A esta evidencia nos
compromete la astrología. Y en esto aún resulta esotérica y contracultural.
Representa una alteración de la percepción ordinaria de la realidad, un cambio
de paradigma: antes que individual, la experiencia de la conciencia es
vincular. No somos individuos que “tienen” vínculos, sino que somos “en”
los vínculos. Somos lo que revelamos en nuestra relación con los demás. Somos
como tratamos al otro. Esta es la responsabilidad del astrólogo: asumir
la astrología nos obliga a la incómoda y poco gratificante necesidad de dar
testimonio vivencial de un paradigma que desorganiza la descripción habitual
del mundo.
Estimulándonos a ver
dinámicas polares antes que conformarnos en polos autogratificantes, la
astrología tiene el potencial de disolver la usina de prejuicios que sostienen
nuestra percepción ordinaria (mecánica e inconsciente) de la realidad.

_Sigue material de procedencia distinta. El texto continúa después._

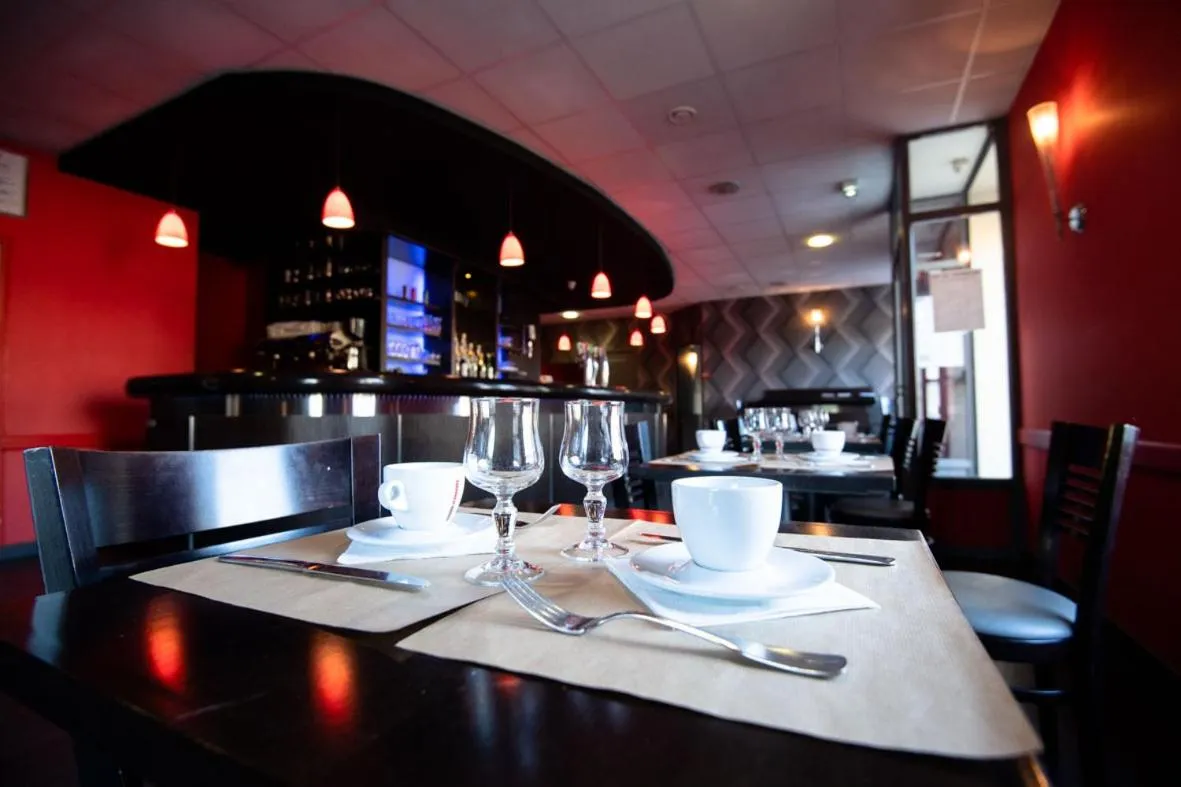 Lounge or bar in Hôtel L'Espérance Vitré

Nuestra tendencia natural a reducir la complejidad de la vida en simplificaciones
que calman nuestra angustia separándonos de los demás y disociándonos de los
hechos de destino.
La astrología nos
invita a percibir relaciones allí donde nuestros prejuicios
nos condicionan a ver conflictos, polos que se complementan donde
creemos ver polos que se anulan, reconocimiento mutuo e inclusión donde
suponemos rechazo y exclusión. Dinámica de polaridad donde
parece presentarse polarización.
La polarización
planetaria
En tiempos de Neptuno
en Piscis se agota todo un ciclo (de 168 años) acerca de cómo la conciencia
humana significa la dinámica yo y los otros, mundo interno y mundo externo,
consciente e inconsciente, mente y alma, ciencia y religión. Acontecimientos
como las matanzas en Medio Oriente, las atrocidades del fundamentalismo religioso
dominando Estados, la cruenta invasión de países como represalia y el asesinato
de los humoristas de Charlie Hebdo en París forman parte de una bipolaridad que
parece excitarse y cobrar forma real en la conciencia colectiva. Un mundo
dividido en dos. La pérdida de la conciencia de vínculo y la emergencia del
encanto de la polarización, con su lógica de polos antagónicos en lucha por la
exclusión definitiva (exterminio) del otro.
Desde Occidente ese
diseño bipolar se percibe como el conflicto entre la racionalidad y la
irracionalidad, entre la valoración de la libertad y de los derechos del
individuo y la sumisión al oscurantismo regresivo de la religión. La razón
humana negando a Dios versus el individuo subordinado a Dios. Sin que seamos
conscientes, se activa el hechizo de un mundo occidental (europeo y civilizado)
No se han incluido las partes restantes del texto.